# Can't Get a Break



## ghost1066 (Jun 10, 2015)

This year sales have been off to the point I just stopped making calls but finally had trumpets start selling so I thought fine I will make them if that is what people want. Went out this morning to drill one and by the time I was done my drill press had so much run out I can't do another one. 

I had just found some good WB blanks I had stashed away to turn and now I can't do anything to them. I ordered a Jacob's chuck for my lathe but no idea if that will do what I need it to plus didn't really need to spend the $ on that. Just once in awhile I would love for something to go right for a change. 

Ok I'm done for now.


----------



## SENC (Jun 10, 2015)

ghost1066 said:


> This year sales have been off to the point I just stopped making calls but finally had trumpets start selling so I thought fine I will make them if that is what people want. Went out this morning to drill one and by the time I was done my drill press had so much run out I can't do another one.
> 
> I had just found some good WB blanks I had stashed away to turn and now I can't do anything to them. I ordered a Jacob's chuck for my lathe but no idea if that will do what I need it to plus didn't really need to spend the $ on that. Just once in awhile I would love for something to go right for a change.
> 
> Ok I'm done for now.


Tommy, do you have a jacobs chuck for your lathe tailstock? Once you figure out drilling on your lathe you won't go back.

Reactions: Agree 2


----------



## Nature Man (Jun 10, 2015)

Sorry to hear sales are off for you. Is it possible that the market is saturated with calls now? Recommend you take another tact, perhaps totally different than calls. Perhaps that would validate either call sales are off, or all woodworking sales are off. Best of luck in the days ahead. Chuck


----------



## ghost1066 (Jun 10, 2015)

SENC said:


> Tommy, do you have a jacobs chuck for your lathe tailstock? Once you figure out drilling on your lathe you won't go back.



That is in my OP I ordered one today but that isn't going to replace my drill press completely for what I do but hope it is good enough for calls.



Nature Man said:


> Sorry to hear sales are off for you. Is it possible that the market is saturated with calls now? Recommend you take another tact, perhaps totally different than calls. Perhaps that would validate either call sales are off, or all woodworking sales are off. Best of luck in the days ahead. Chuck



Honestly think the pot call market is. People are making pot calls then selling them for what I have in material much less adding a profit to it. I have never had much luck selling bowls but have sold a few here and there and still make them often. One reason you see me posting wood for sale rather than finished pieces is I can get all the wood to process I want and sell it cheaper but move more of it. My buddy Kris just got a mill in yesterday to do slabs so hope to have them soon.

Reactions: Thank You! 1


----------



## JR Custom Calls (Jun 10, 2015)

ghost1066 said:


> Honestly think the pot call market is. People are making pot calls then selling them for what I have in material much less adding a profit to it.

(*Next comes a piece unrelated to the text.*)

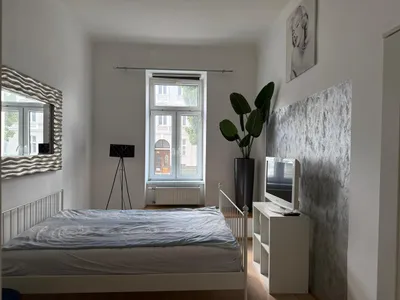 Möbliertes WG Zimmer , provisionfrei, all inclusive – Bild 2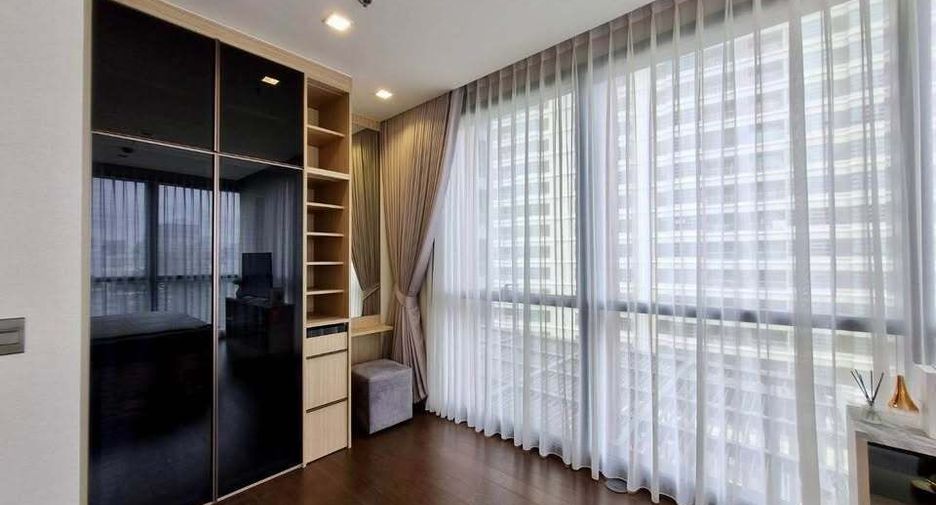 For rent 2 ベッドルーム condo in Pathum Wan, Bangkok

I have exchanged some not so nice messages on Facebook with some of those guys... Calls are funny. One guy can be dead, while another cant keep up. Then, out of the blue, it'll swap sides for no apparent reason. If you're on Facebook, check out 'call nutz'. It's a great way to make yourself busy.


----------



## SENC (Jun 10, 2015)

Oops, I thought you meant you'd ordered a new Jacobs Chuck for your DP. Sorry! I love drilling on my lathe, and my DP is becoming jealous of the attention @Mike1950's lathe gets.

I traditionally used a standard 4-jaw check to hold my blanks, and that worked well. I recently bought a fairly inexpensive 2 jaw drilling chuck from PSI in hopes it would be decent and allow me to keep my 4jaw setup dedicated to another task. I love it... easier and more repeatable than my 4 jaw. Post up if you have any questions.


----------



## JR Custom Calls (Jun 10, 2015)

Also on your drill press, there should be a screw to adjust runout. Generally requires removing the quill and a little trial and error. Might have just got out of adjustment somehow, unless you had a bearing go bad. Even a bearing shouldn't be an expensive fix

Reactions: Agree 1


----------



## ghost1066 (Jun 10, 2015)

JR Custom Calls said:


> Also on your drill press, there should be a screw to adjust runout. Generally requires removing the quill and a little trial and error. Might have just got out of adjustment somehow, unless you had a bearing go bad. Even a bearing shouldn't be an expensive fix



Where would I look for the screw? Never had to adjust it before and it is only about 25 years old, stuff just doesn't hold up these days like it used to. I gave it a wiggle to see if there was play in the bearing but everything is tight. 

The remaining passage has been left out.